Human Capital: the extent to which the company
– Follows best practices in managing its workforce in a responsible manner, such as health and safety considerations and diversity and inclusion policies;
– Acts responsibly in terms of the impact its business operations, products and services have on the broader community;
-Aims to ensure its suppliers act responsibly; and
-Endeavors to treat its customers fairly and responsibly, for example by having appropriate product safety and data privacy and security standards.
Natural Capital: the extent to which the company, and its supply chains,
-Are reliant on using resources which generate significant environmental impact; and
-Actively seek to reduce the impact they have on the environment.

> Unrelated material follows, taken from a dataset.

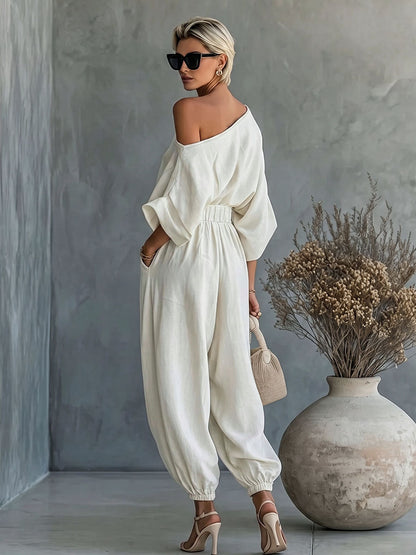 Half Sleeves Loose Solid Color One-Shoulder Blouses&Shirts Tops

Corporate Governance: the extent to which the company’s board composition and policies, executive management composition and compensation, and the exercise of shareholder rights and voting powers are in line with current best practices.

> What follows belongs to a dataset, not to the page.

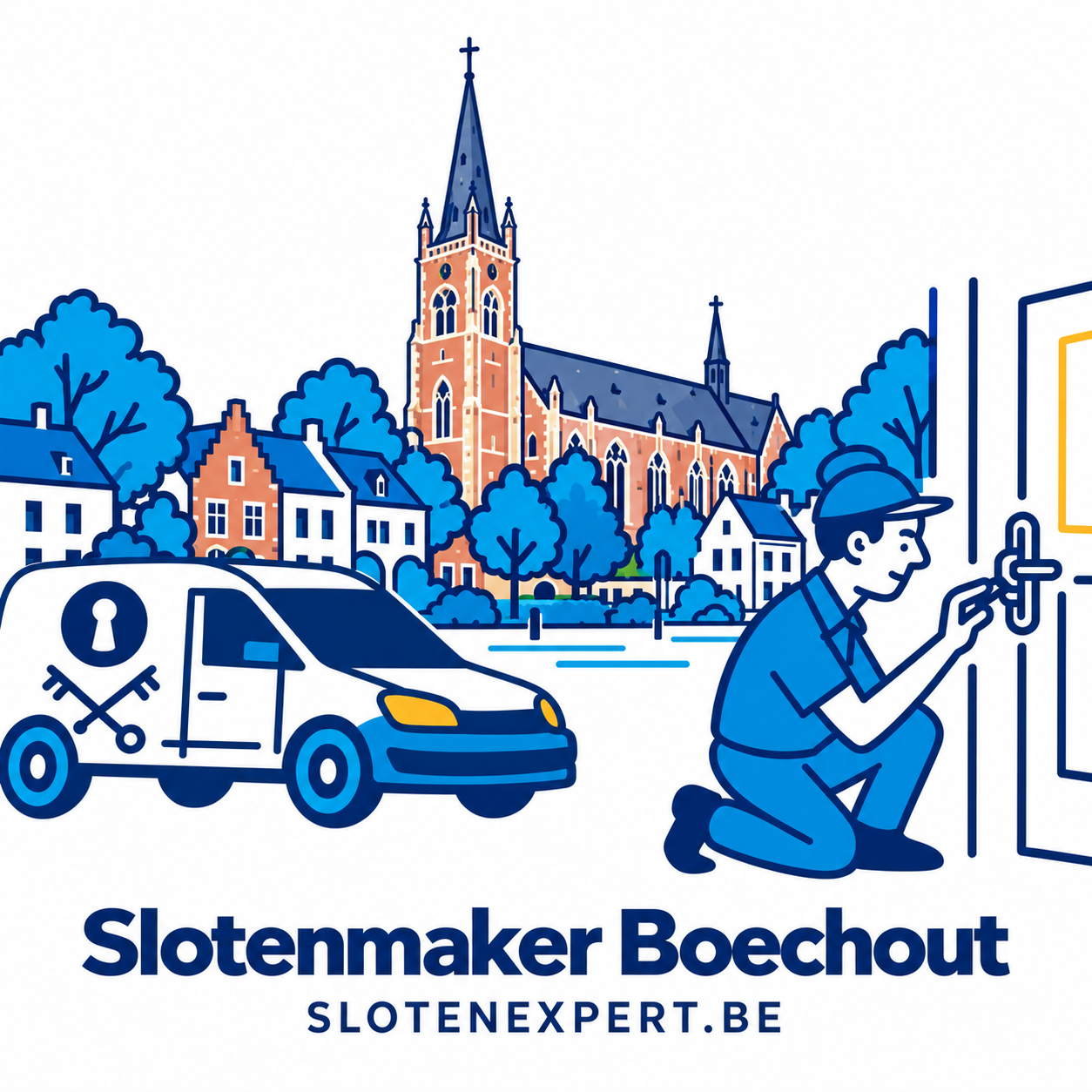 Blauwe SlotenExpert slotenmaker met camionette en geïllustreerd dorpsbeeld van Boechout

Companies considered to be significantly involved in the manufacture of products or the provision of services that are broadly recognized as unsustainable by society (e.g., the production of tobacco, the generation, extraction and/or refining of certain fossil fuels or the production of unconventional weapons) generally will not fall within the investable universe for the fund. However, it is possible that Lazard may determine, after a combined consideration of its assessment of such a company’s financial productivity potential as described above and the results of the sustainability analysis methodology, that such a company is an appropriate investment for the fund. The fund may, however, invest in companies that provide equipment and services to the energy and mining sectors.